• _Task goal_
Print exactly what appears from the line containing "Mor ve kırmızı" through the final line of the data below, pictures excluded.

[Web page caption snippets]
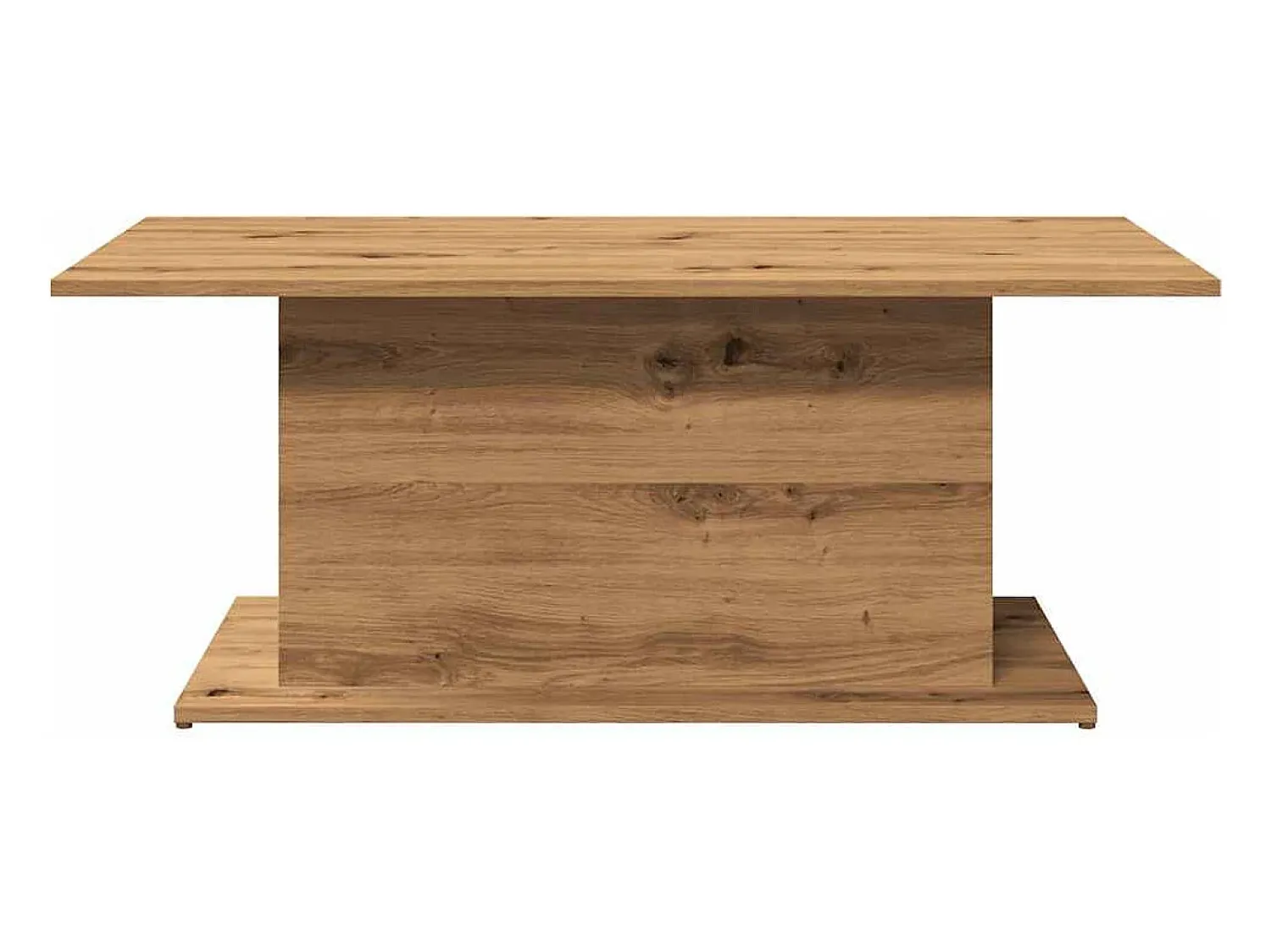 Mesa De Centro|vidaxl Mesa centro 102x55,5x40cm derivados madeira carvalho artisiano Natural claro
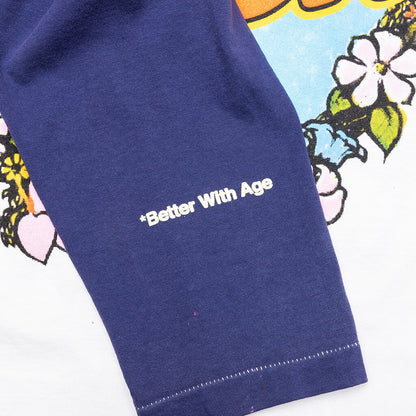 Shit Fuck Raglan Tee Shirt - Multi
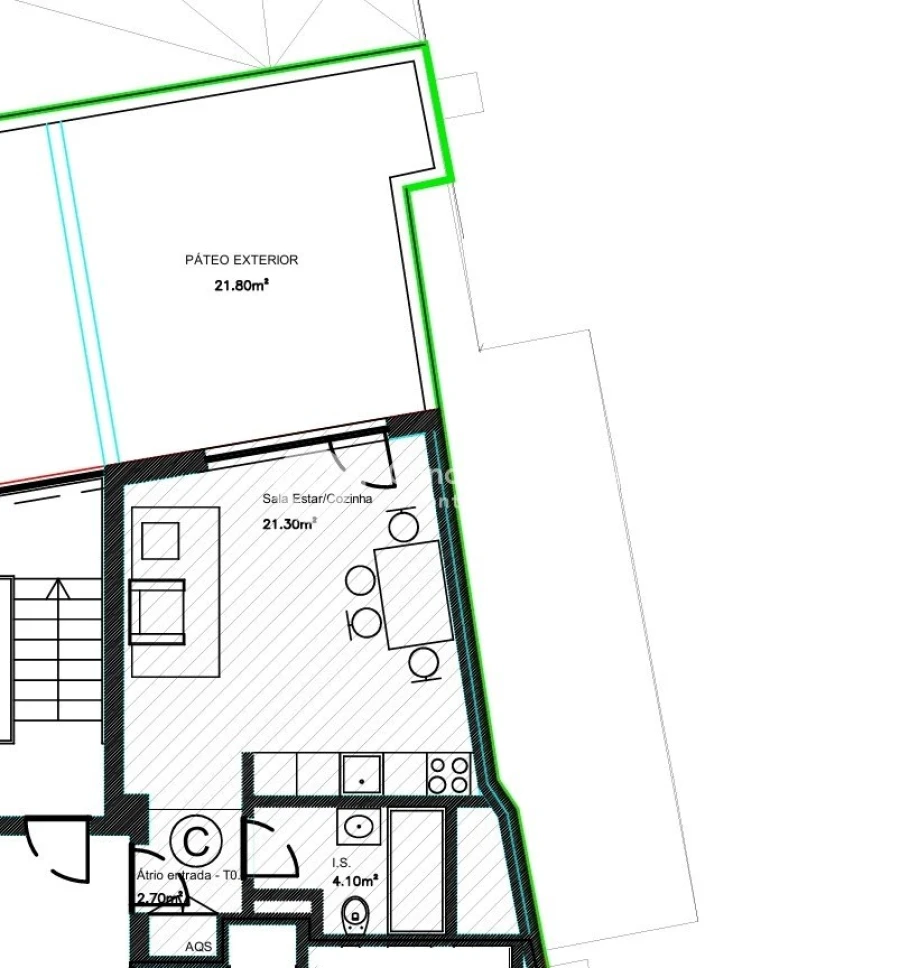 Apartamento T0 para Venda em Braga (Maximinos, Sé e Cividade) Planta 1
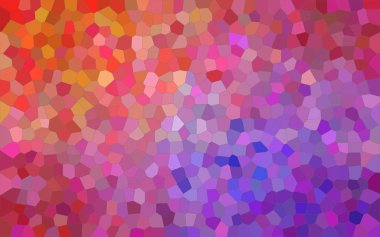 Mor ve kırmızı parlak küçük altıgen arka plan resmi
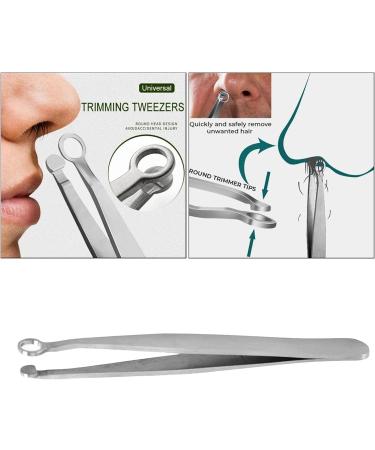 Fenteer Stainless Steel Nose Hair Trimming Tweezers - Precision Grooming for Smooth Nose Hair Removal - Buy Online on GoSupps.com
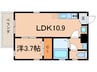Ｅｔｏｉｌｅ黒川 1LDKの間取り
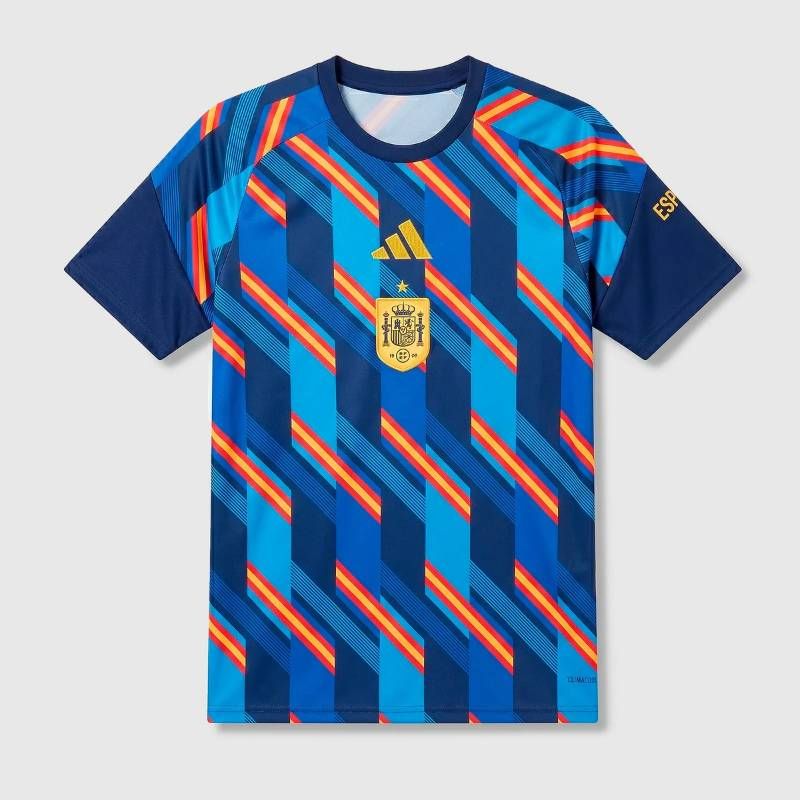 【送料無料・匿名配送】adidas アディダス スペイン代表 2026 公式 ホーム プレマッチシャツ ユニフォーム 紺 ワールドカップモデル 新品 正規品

• _Solved problem_
 Mor ve kırmızı parlak küçük altıgen arka plan resmi
 Fenteer Stainless Steel Nose Hair Trimming Tweezers - Precision Grooming for Smooth Nose Hair Removal - Buy Online on GoSupps.com
Ｅｔｏｉｌｅ黒川 1LDKの間取り
 【送料無料・匿名配送】adidas アディダス スペイン代表 2026 公式 ホーム プレマッチシャツ ユニフォーム 紺 ワールドカップモデル 新品 正規品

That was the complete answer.